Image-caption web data
Segment Open

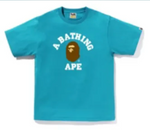 BAPE College Tee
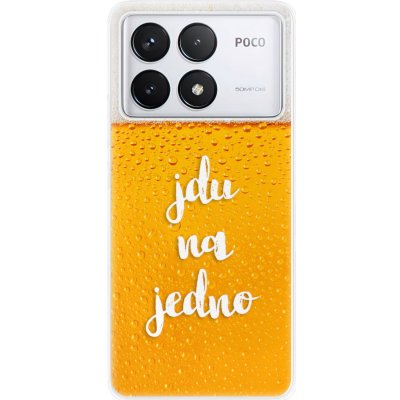 iSaprio - Jdu na jedno - Poco F6 Pro – Zboží Živě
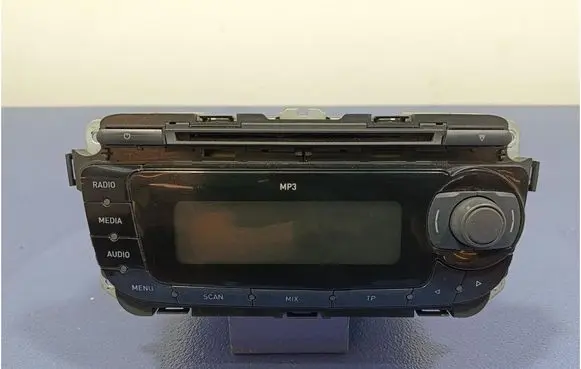 Seat Ibiza IV (6J,6P) Radio/CD/DVD/GPS head unit 6J0035153B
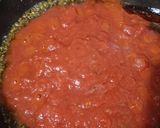Foto del paso 3 de la receta: Fettuccine al Pomodoro para acompañar milanesa de res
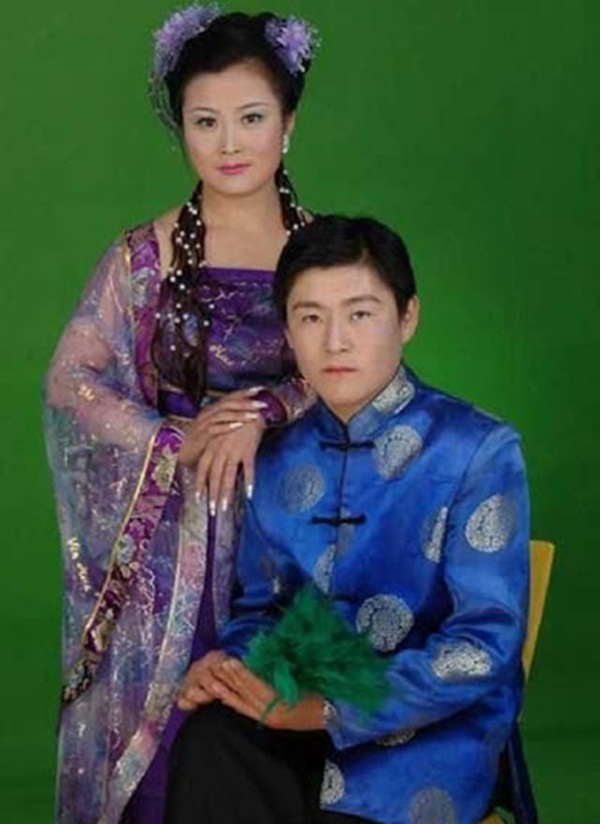 Quen biết qua mạng và kết hôn sau 6 tháng, rốt cuộc nữ nhạc công đàn nhị đã đánh cắp trái tim của tỷ phú giàu nhất nhì Trung Quốc như thế nào?-3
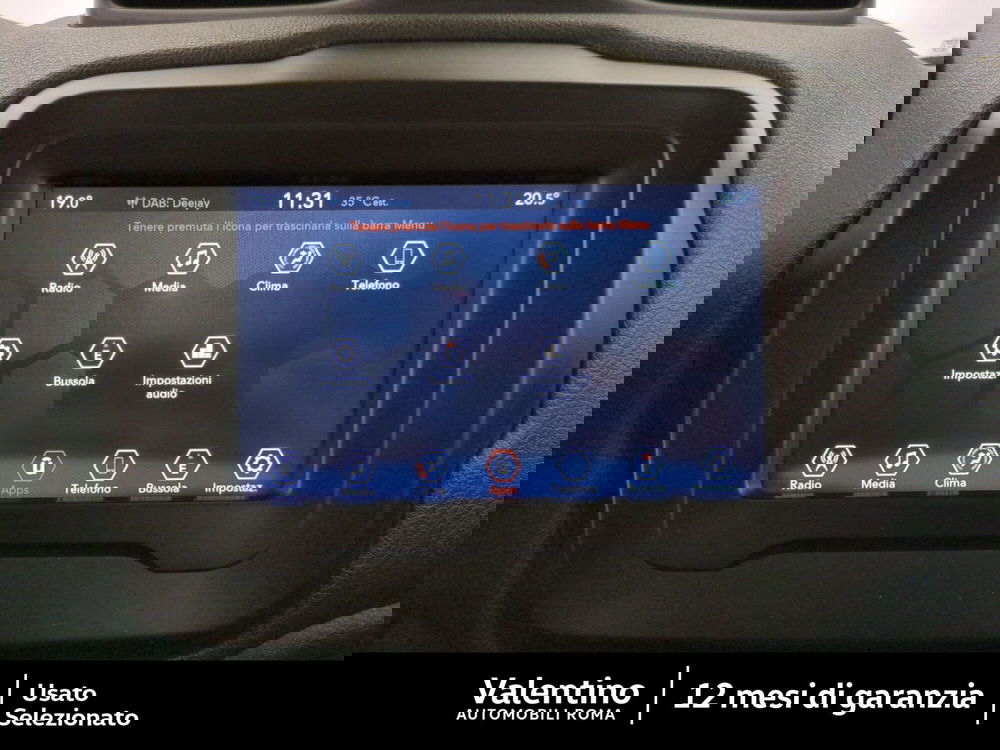 Jeep Renegade usata a Roma (14)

Segment Closed

- _Requirement_: Take the line that contains "Foto del paso" and every line after it up to the end of the records above, and restate them exactly, without the pictures.

- _Answer section_:
Foto del paso 3 de la receta: Fettuccine al Pomodoro para acompañar milanesa de res
 Quen biết qua mạng và kết hôn sau 6 tháng, rốt cuộc nữ nhạc công đàn nhị đã đánh cắp trái tim của tỷ phú giàu nhất nhì Trung Quốc như thế nào?-3
 Jeep Renegade usata a Roma (14)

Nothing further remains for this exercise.